Please repeat each line below exactly, with no images in the copy.
[[ Data shown open ]]
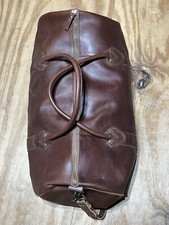 ll bean brown leather duffel bag Zip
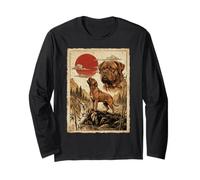 Dogue de Bordeaux Hurlant Vintage Ukiyo-e Art Japonais Manche Longue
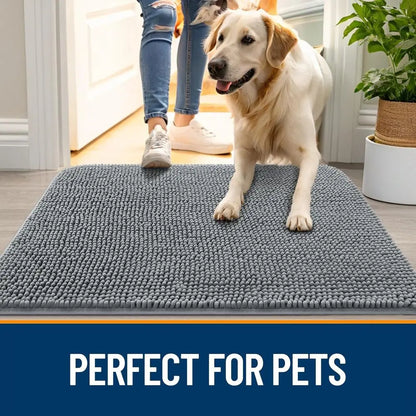 Mud-Resistant 54x32 Door Mat for Dogs, Moisture-Absorbing, Non-Slip, Washable, Quick-Dry Chenille Mat for Indoor Entryways, Grey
[[ Data shown closed ]]
_Response to the exercise_:
 ll bean brown leather duffel bag Zip
 Dogue de Bordeaux Hurlant Vintage Ukiyo-e Art Japonais Manche Longue
 Mud-Resistant 54x32 Door Mat for Dogs, Moisture-Absorbing, Non-Slip, Washable, Quick-Dry Chenille Mat for Indoor Entryways, Grey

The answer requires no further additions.